使用砲弾は、当初、徹甲弾に装弾筒付高速徹甲弾(APDS)、榴弾に粘着榴弾(HEP)があった。徹甲弾はのちに装弾筒付翼安定徹甲弾(APFSDS:M735弾)に更新された。現在は93式APFSDS、多目的対戦車榴弾(HEAT-MP)を標準装備する。演習弾(TP)や77式空包も射撃できる。
エンジンは三菱製の空冷2サイクルV型10気筒ターボ・ディーゼル。これを、変速機と一体化(パワーパック)させて車体後部に配置、起動輪も車体後部に配置されるレイアウトとなった。この構成や配置は国産戦車として初めてのもの。61式戦車では研究こそされたが量産実用化できずにいた設計が、74式の時代になって実現できたものだという。

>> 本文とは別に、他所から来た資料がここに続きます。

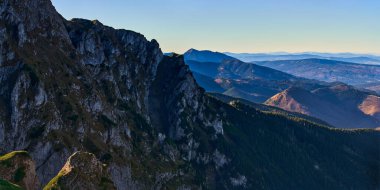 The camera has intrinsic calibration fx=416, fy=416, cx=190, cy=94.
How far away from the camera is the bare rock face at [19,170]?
88338mm

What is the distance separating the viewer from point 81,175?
87875mm

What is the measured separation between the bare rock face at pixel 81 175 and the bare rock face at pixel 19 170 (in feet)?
28.7

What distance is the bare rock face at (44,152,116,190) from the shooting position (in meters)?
84.6

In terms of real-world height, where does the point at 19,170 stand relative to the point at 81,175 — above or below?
above

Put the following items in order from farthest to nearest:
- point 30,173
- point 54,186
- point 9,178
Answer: point 30,173, point 9,178, point 54,186

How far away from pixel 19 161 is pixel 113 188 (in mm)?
21692

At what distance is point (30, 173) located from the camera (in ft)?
310

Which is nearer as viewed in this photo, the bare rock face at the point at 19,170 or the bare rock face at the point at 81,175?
the bare rock face at the point at 81,175

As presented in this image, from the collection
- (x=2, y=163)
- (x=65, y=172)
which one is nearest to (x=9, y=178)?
(x=2, y=163)

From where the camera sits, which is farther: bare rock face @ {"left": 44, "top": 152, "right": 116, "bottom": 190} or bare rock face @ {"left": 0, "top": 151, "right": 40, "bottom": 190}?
bare rock face @ {"left": 0, "top": 151, "right": 40, "bottom": 190}

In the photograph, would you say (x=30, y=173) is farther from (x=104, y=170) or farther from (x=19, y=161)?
(x=104, y=170)

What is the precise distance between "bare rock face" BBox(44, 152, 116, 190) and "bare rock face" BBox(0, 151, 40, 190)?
28.7 feet

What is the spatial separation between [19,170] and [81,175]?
14.6 metres

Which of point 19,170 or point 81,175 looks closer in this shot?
point 81,175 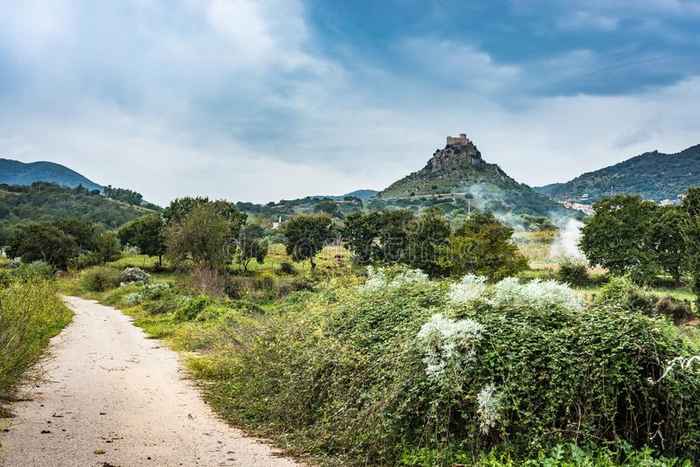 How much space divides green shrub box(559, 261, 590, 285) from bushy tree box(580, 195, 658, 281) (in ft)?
6.61

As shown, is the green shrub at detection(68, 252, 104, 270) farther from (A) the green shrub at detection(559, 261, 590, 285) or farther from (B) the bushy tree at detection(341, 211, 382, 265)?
(A) the green shrub at detection(559, 261, 590, 285)

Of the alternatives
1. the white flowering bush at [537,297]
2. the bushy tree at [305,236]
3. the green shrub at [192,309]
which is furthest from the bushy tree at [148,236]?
the white flowering bush at [537,297]

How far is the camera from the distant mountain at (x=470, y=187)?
155 meters

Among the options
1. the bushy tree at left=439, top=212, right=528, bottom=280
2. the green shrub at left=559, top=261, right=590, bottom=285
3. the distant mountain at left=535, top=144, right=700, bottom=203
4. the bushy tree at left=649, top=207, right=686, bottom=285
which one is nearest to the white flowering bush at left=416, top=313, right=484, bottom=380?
the bushy tree at left=439, top=212, right=528, bottom=280

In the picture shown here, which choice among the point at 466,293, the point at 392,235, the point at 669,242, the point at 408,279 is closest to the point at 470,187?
the point at 392,235

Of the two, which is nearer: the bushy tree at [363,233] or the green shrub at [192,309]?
the green shrub at [192,309]

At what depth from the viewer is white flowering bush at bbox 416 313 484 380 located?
5969 mm

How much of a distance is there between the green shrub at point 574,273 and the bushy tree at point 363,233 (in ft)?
61.6

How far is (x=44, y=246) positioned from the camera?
47.3 m

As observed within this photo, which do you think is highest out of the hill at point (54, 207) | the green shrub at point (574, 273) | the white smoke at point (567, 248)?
the hill at point (54, 207)

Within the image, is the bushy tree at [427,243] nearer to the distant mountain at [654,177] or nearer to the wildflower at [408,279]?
the wildflower at [408,279]

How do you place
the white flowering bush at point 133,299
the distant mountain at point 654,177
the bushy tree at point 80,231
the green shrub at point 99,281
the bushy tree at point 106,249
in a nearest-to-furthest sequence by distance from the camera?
the white flowering bush at point 133,299 → the green shrub at point 99,281 → the bushy tree at point 106,249 → the bushy tree at point 80,231 → the distant mountain at point 654,177

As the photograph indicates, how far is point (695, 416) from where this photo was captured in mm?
5152

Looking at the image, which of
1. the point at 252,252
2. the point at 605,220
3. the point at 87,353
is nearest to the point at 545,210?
the point at 605,220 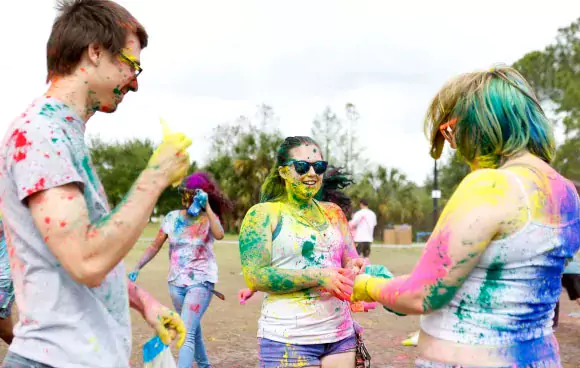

夜間の投光機を兼ねた赤外線暗視装置が装備された車両が一部存在するほか、車体前面に排土板のドーザーブレードや地雷原処理ローラーを装着したタイプも運用されている。改修を受けたタイプも少数あり、パッシブ式赤外線暗視装置やレーザー検知装置等を装備した74式戦車(G)型は通称「74式戦車(改)」と呼ばれ、これは4両(試作車1両も加えられる)が製作された。第1機甲教育隊(駒門駐屯地)に置かれ運用されたが当車で終了。ごく少数の希少車となった。
74式戦車は1989年度までに873両が調達された。東西冷戦が終わると、それまでの戦闘様相や紛争・戦争のありよう、脅威対象の変化が言われ始める。結果、戦車保有数の削減が始まり、90式戦車の登場と相まって74式戦車は1999年度から退役を始め、現在も順次リタイアの作業が続いている。現役最後の姿を目に留めておきたいわけだが、感染拡大防止等のため各地の駐屯地記念行事などは中止等の措置が続いたままだと思われ、やるせない状態にある。